Association between body mass index (BMI) and overall survival with immune checkpoint inhibitor therapy for advanced non-small cell lung cancer: analysis of atezolizumab clinical trials
High body mass index (BMI) is independently associated with overall survival benefit from immune checkpoint inhibitor therapy in patients with melanoma, yet whether BMI is associated with outcomes in patients with advanced non–small cell lung cancer treated with atezolizumab remains unknown.
To examine whether BMI is associated with survival outcomes and adverse events in patients with non–small cell lung cancer (NSCLC) treated with atezolizumab.
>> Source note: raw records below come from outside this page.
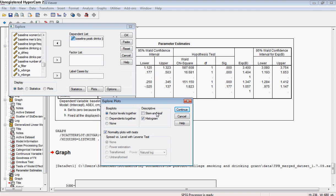For descriptives, you can take off the stem-and-leaf plot—that's pretty old school, from before computers could make pictures efficiently. But the histogram and the normality plots with tests will help you assess how normally distributed your data are.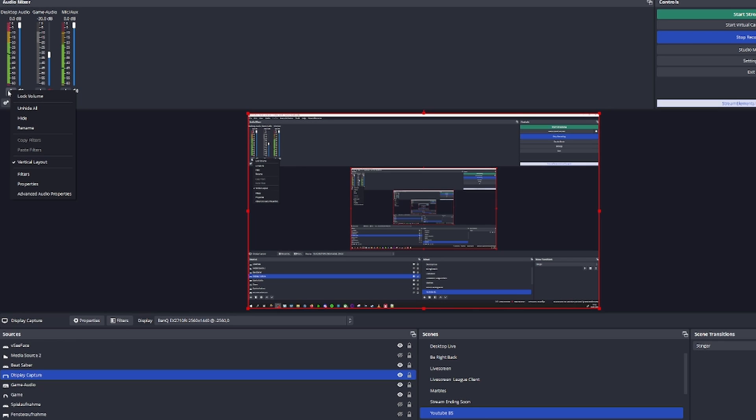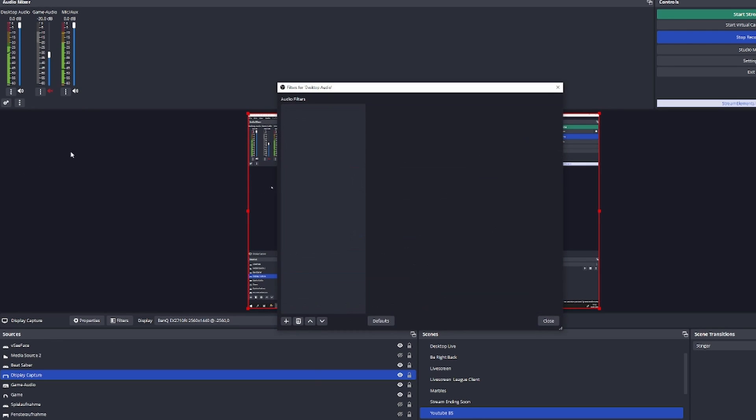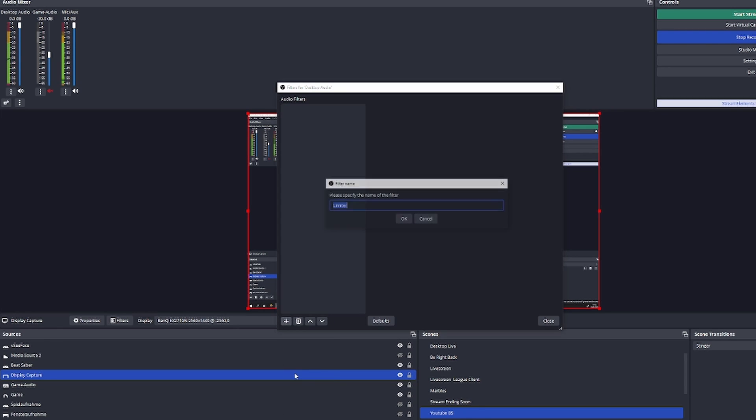Click on these three dots over here. Select filters, then press on the plus button, add limiter,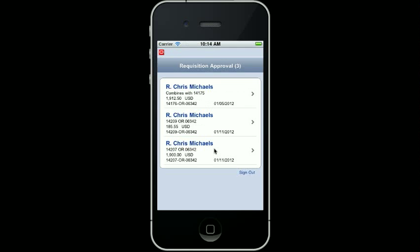This is the entry point to Mobile Requisition Self Service Approval. From here, I have access to all requisition self-service orders that are awaiting my approval. As you can see, I have three approvals waiting.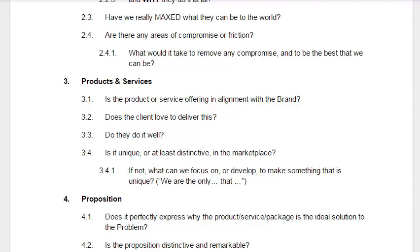Then we move on to products and services - reviewing what we actually deliver, whether that's services delivered by the hour or products that we ship. Is the product or service offering in alignment with the brand? Does the client love doing it? Do they do it well? Is it unique or at least distinctive in the marketplace? And how can we communicate its uniqueness or distinctiveness? Can we say we are the only one that delivers something for this particular group of people? What is the onlyness statement?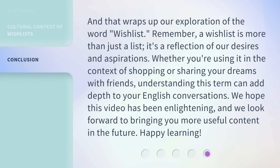And that wraps up our exploration of the word 'wishlist.' Remember, a wishlist is more than just a list — it's a reflection of our desires and aspirations. Whether you're using it in the context of shopping or sharing your dreams with friends, understanding this term can add depth to your English conversations. We hope this video has been enlightening, and we look forward to bringing you more useful content in the future. Happy learning!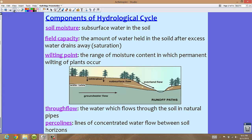Soil moisture is the subsurface water in the soil — not lying directly on the surface, but just below it. Field capacity is the amount of water held in the soil after excess water drains away, and this is called saturation. Your textbook uses field capacity, which is the same thing as saturation.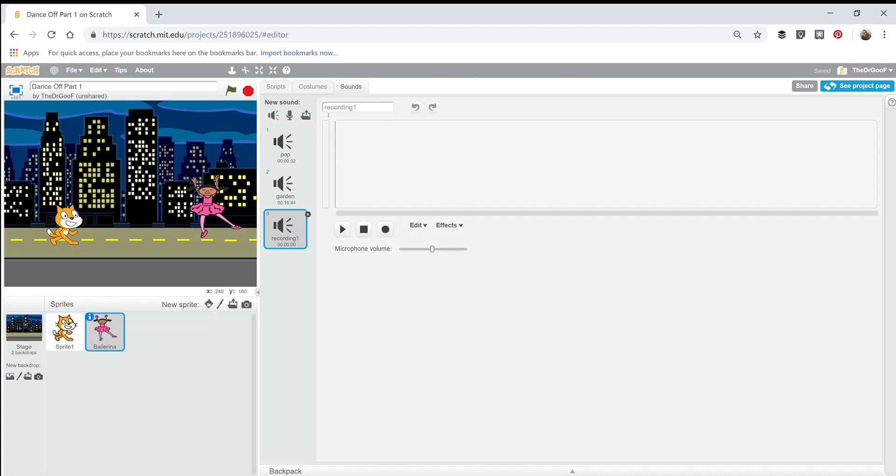Sometimes when you're in here and you hit the record button, it will pop up another little box that says 'Allow Scratch to use the microphone,' something along those lines. You can just click okay or click yes.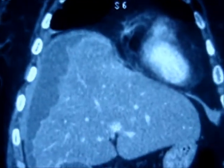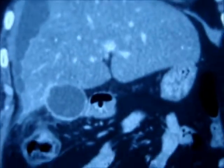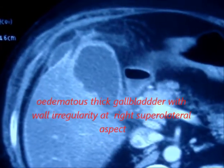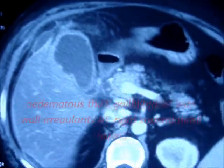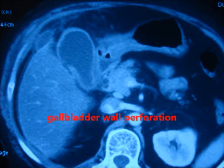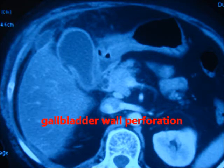There is thick mucosal enhancement with a focal defect at the superolateral aspect of the gallbladder with pericholecystic collection, suggestive of gallbladder perforation. There is a large perihepatic fluid collection with interlobe collection as well.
Design, Setting, and Participants
A pooled analysis of individual patient-level data from 4 international, multicenter clinical trials was performed. Two were single-arm phase 2 trials (BIRCH [data cutoff of May 28, 2015] and FIR [data cutoff of January 7, 2015]), and 2 were 2-arm randomized clinical trials (POPLAR [phase 2; data cutoff of May 8, 2015] and OAK [phase 3; data cutoff of July 7, 2016]). Patients with advanced NSCLC previously untreated or treated with at least 1 line of systemic therapy, with measurable disease and good organ function and without contraindications for chemotherapy or immune checkpoint inhibitor therapy, were included in these trials. Data analyses were performed from February 28, 2019, to September 30, 2019.
The control group was treated with docetaxel once every 3 weeks until disease progression or unacceptable toxic effects occurred in POPLAR and OAK. The experimental group was treated with atezolizumab once every 3 weeks until disease progression or unacceptable toxic effects occurred in all available trials.
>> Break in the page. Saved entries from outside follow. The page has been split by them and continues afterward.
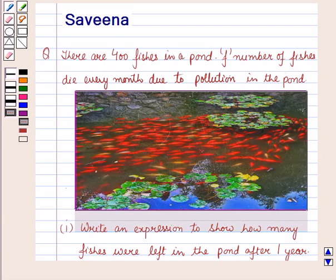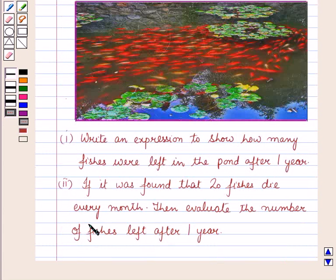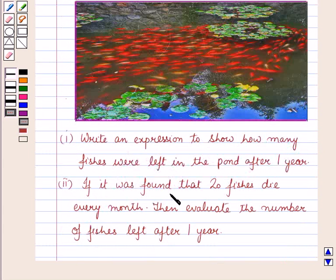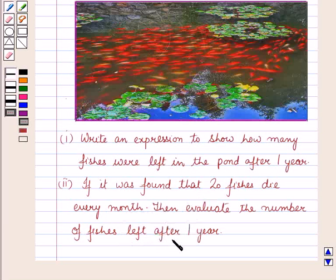Hello and welcome to the session. In this session we will discuss a question which says that there are 400 fishes in the pond. F number of fishes die every month due to pollution in the pond. In the first part we have to write an expression to show how many fishes were left in the pond after one year, and in the second part, if it was found that 20 fishes die every month, then evaluate the number of fishes left after one year.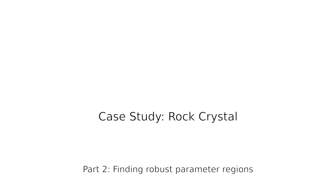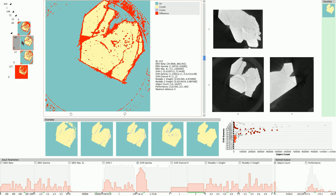In the second part of our case study we will now find robust parameter regions for segmenting the rock crystal dataset. We now want to further refine the parameter ranges for suitable results and determine stable ranges.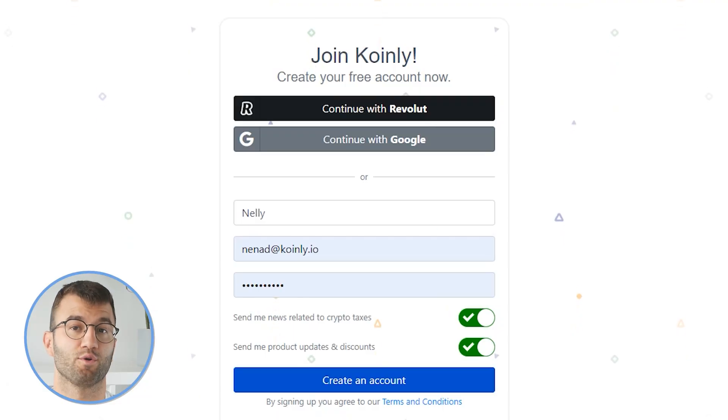So Coinly is your crypto tax calculator that can help you do your Swiftex taxes fast. Now, in order for Coinly to calculate your Swiftex tax liability, you simply need to import all your transactions into Coinly, which is super easy.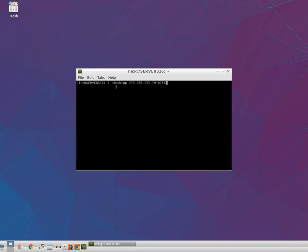In this window, you have to type R Desktop space, IP address of your Windows VPS, colon, port number 8756 and press Enter.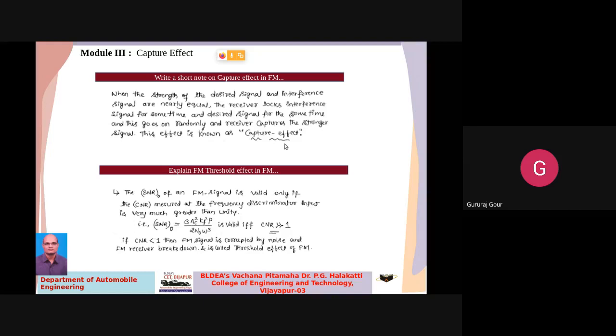That is actually known as the capture effect. In order to minimize this, we have some techniques. After the capture effect, we will come across the threshold effect. If the output signal-to-noise ratio of the FM signal is to be valid, the carrier-to-noise ratio measured at the receiver side should be greater than unity.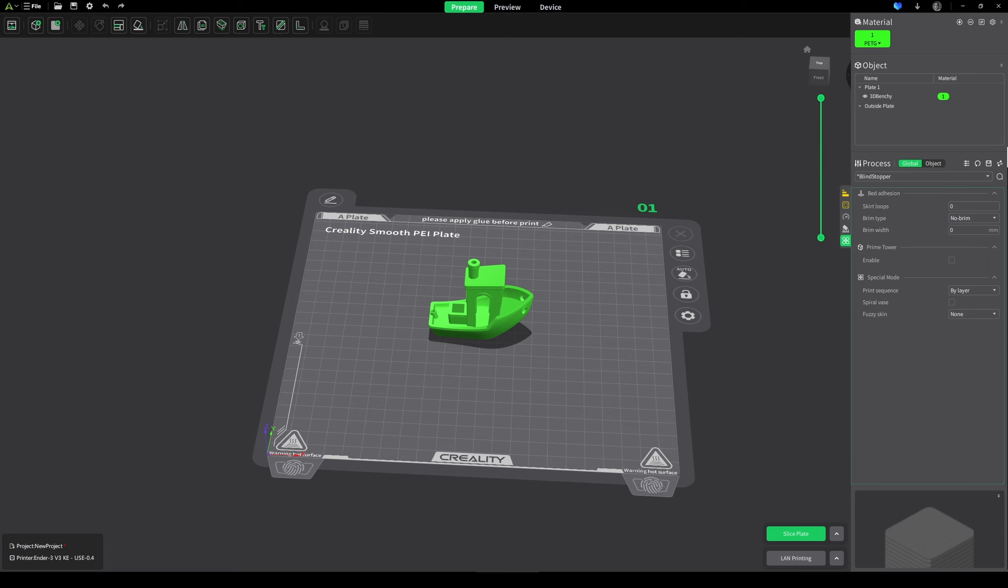Hey guys, welcome to LayLab. This video is going to be some tips and tricks on how to use Creality 5.0.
Main Outcomes and Measures
Association between BMI and overall survival (OS), progression-free survival (PFS), and treatment-related adverse events. Intention-to-treat analysis was conducted.
Adequate data were available for 2110 patients from a total pool of 2261 across 4 trials. Of those 2110, 1434 patients (median age, 64 years [range, 57-70 years]; 890 men [62%]) received atezolizumab and 676 patients (median age, 63 years[range, 57-69 years]; 419 men [62%]) received docetaxel. There was a linear association between increasing BMI and OS in patients treated with atezolizumab. Obesity (BMI ≥30 [calculated as weight in kilograms divided by height in meters squared]) was associated with significantly improved OS in patients treated with atezolizumab, but not in those who received docetaxel after adjusting for confounding variables. The association between BMI and OS/PFS was the strongest in the high PD-L1 expression subgroup. Overall survival for patients with the highest category of PD-L1 expression (≥50% of tumor cells or ≥10% of tumor-infiltrating immune cells; n = 436) had hazard ratios of 0.36 (95% CI, 0.21-0.62) for the group with obesity and 0.69 (95% CI, 0.48-0.98) for the group with overweight. Patients with the highest category of PD-L1 expression had PFS hazard ratios of 0.68 (95% CI, 0.49-0.94) for the group with obesity and 0.72 (95% CI, 0.56-0.92) for the group with overweight. Treatment-related adverse events were not associated with BMI.
Conclusions and Relevance
High BMI appears to be independently associated with improved survival with atezolizumab in patients with NSCLC, raising the possibility that baseline BMI should be considered as a stratification factor in future immune checkpoint inhibitor therapy trials.